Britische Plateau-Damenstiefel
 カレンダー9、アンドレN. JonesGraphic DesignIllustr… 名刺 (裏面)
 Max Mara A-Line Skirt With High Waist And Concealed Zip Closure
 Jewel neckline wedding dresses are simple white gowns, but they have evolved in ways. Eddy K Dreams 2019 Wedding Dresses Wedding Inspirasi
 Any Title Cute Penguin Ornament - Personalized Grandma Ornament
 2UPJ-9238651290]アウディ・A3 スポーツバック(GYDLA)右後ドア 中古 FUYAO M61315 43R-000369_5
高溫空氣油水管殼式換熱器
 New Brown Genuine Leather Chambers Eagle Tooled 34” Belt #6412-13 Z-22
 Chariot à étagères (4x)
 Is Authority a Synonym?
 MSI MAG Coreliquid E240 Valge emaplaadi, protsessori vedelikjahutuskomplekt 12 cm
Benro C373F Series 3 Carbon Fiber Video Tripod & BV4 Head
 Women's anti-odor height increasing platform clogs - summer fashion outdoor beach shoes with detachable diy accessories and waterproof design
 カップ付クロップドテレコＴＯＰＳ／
+ + + + + + +
Find the line containing "Jewel neckline wedding" in the data above. Please transcribe it and every line after it, exactly.

Solution below
 Jewel neckline wedding dresses are simple white gowns, but they have evolved in ways. Eddy K Dreams 2019 Wedding Dresses Wedding Inspirasi
 Any Title Cute Penguin Ornament - Personalized Grandma Ornament
 2UPJ-9238651290]アウディ・A3 スポーツバック(GYDLA)右後ドア 中古 FUYAO M61315 43R-000369_5
高溫空氣油水管殼式換熱器
 New Brown Genuine Leather Chambers Eagle Tooled 34” Belt #6412-13 Z-22
 Chariot à étagères (4x)
 Is Authority a Synonym?
 MSI MAG Coreliquid E240 Valge emaplaadi, protsessori vedelikjahutuskomplekt 12 cm
Benro C373F Series 3 Carbon Fiber Video Tripod & BV4 Head
 Women's anti-odor height increasing platform clogs - summer fashion outdoor beach shoes with detachable diy accessories and waterproof design
 カップ付クロップドテレコＴＯＰＳ／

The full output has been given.